- #1

geoffrey159

- 535

- 72

## Homework Statement

Given a matrix ##A = (a_{ij})##, we define matrix ##B = \begin{pmatrix} a_{11} & - a_{12} & a_{13} & \cdots \\ - a_{21} & a_{22} & -a_{23} & \cdots \\

a_{31} & - a_{32} & a_{33} & \cdots \\

\vdots & \vdots & \vdots & \vdots \end{pmatrix}##.

Another way to define ##B## is to say that ##b_{ij} = a_{ij}## if ##i+j## is even and ##- a_{ij}## otherwise.

The question is: show that ##\det B = \det A##

I have my idea which I have written below, do you agree with my explanation? Thanks!

## Homework Equations

## The Attempt at a Solution

[/B]

By recursion over property ##{\cal P}(n)##:

*the property is true for matrices of order*##n##.

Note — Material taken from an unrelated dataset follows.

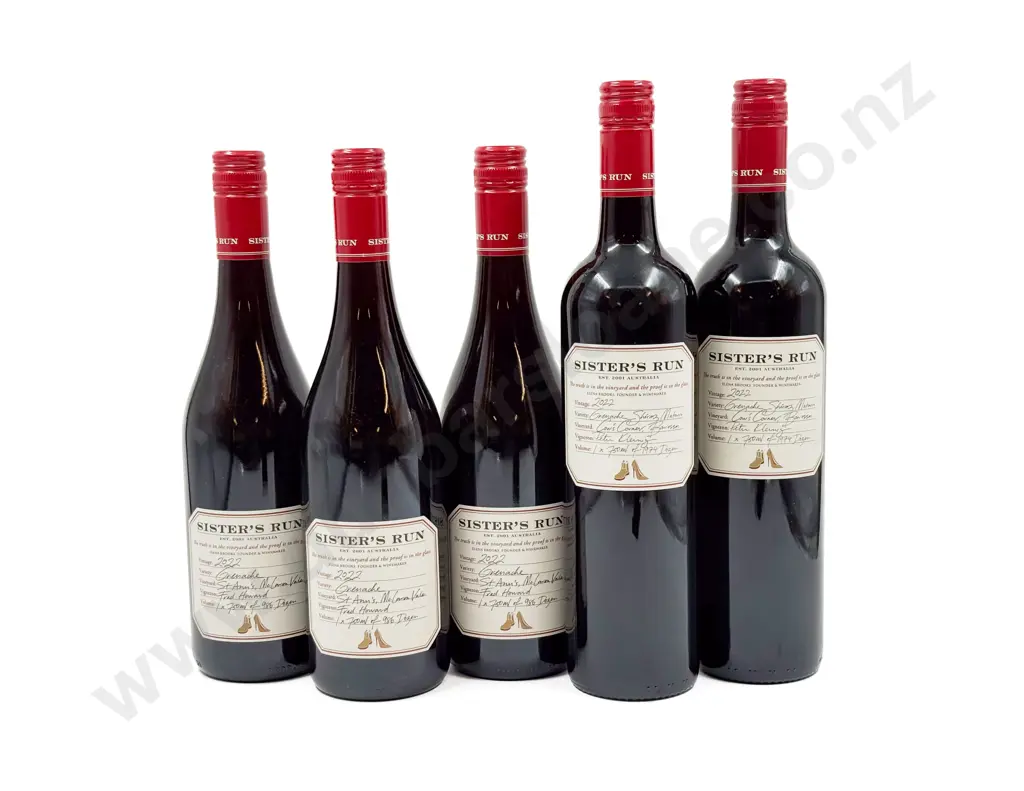 AUST Five Assorted Grenache Blends Image 1++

##{\cal P}(2)## is true, and we assume that that ##{\cal P}(n-1)## is true. Let us show that ##{\cal P}(n)## must be true.

Expanding the determinant according to the first line, I have:

## \det B = \sum_k b_{1k} \text{ cof}(b_{1k}) = \sum_{k \text{ even}} -a_{1k} \text{ cof}(b_{1k}) + \sum_{k \text{ odd}} a_{1k} \text{ cof}(b_{1k})##

But no matter the parity of ##k##, if I reverse the sign of the ##k-1## first columns in the determinant hidden inside ##\text{ cof}(b_{1k})##, which is of order ##n-1##, and then use the recursion hypothesis, I have:

## \text{ cof}(b_{1k}) = (-1)^{k-1} \text{ cof}(a_{1k})##

Replacing the cofactors in the first formula, I have:

## \det B = \sum_{k \text{ even}} -a_{1k} (-\text{ cof}(a_{1k})) + \sum_{k \text{ odd}} a_{1k} \text{ cof}(a_{1k}) = \sum_k a_{1k} \text{ cof}(a_{1k}) = \det A##

This shows that ##{\cal P}(n)## is true, so it must be true for any integer ##n##.